Saif Al Battar Sabtu, 26 Jumadil Akhir 1434 H /
23 Juni 2012 17:31
(Arrahmah.com) – Ada khianat dan dusta, di balik terhapusnya kalimat, “dengan kewajiban menjalankan syariat Islam bagi pemeluk-pemeluknya” dalam Piagam Jakarta yang juga Pembukaan UUD 1945. Sikap toleran tokoh-tokoh Islam, dibalas dengan tipu-tipu politik!
Sebagaimana
ditulis sebelumnya, sehari pasca pembacaan Proklamasi Kemerdekaan Republik
Indonesia pada 17 Agustus 1945, tujuh kata dalam Piagam Jakarta dihapuskan. Di
antara tokoh yang sangat gigih menolak penghapusan itu adalah tokoh
Muhammadiyah, Ki Bagus Hadikusumo.
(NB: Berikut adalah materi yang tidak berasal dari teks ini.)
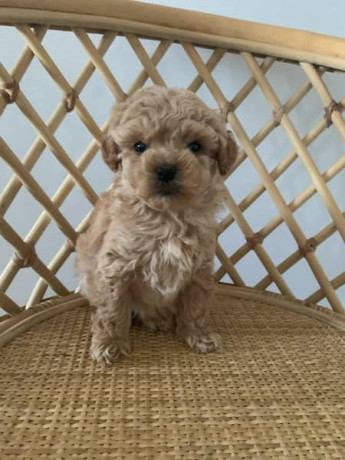 tiny-toy-cavoodle-puppies-big-3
Saking gigihnya, sampai-sampai Soekarno dan
Hatta tak berani bicara langsung dengan Ki Bagus. Soekarno terkesan menghindar
dan canggung, karena bagi Ki Bagus, penegakan syariat Islam adalah harga mati
yang tak bisa ditawar lagi.
Untuk
meluluhkan pendirian Ki Bagus, Soekarno kemudian mengirim utusan bernama Teuku
Muhammad Hassan dan KH Wahid Hasyim agar bisa melobi Ki Bagus. Namun, keduanya
tak mampu meluluhkan pendirian tokoh senior di Muhammadiyah ketika itu.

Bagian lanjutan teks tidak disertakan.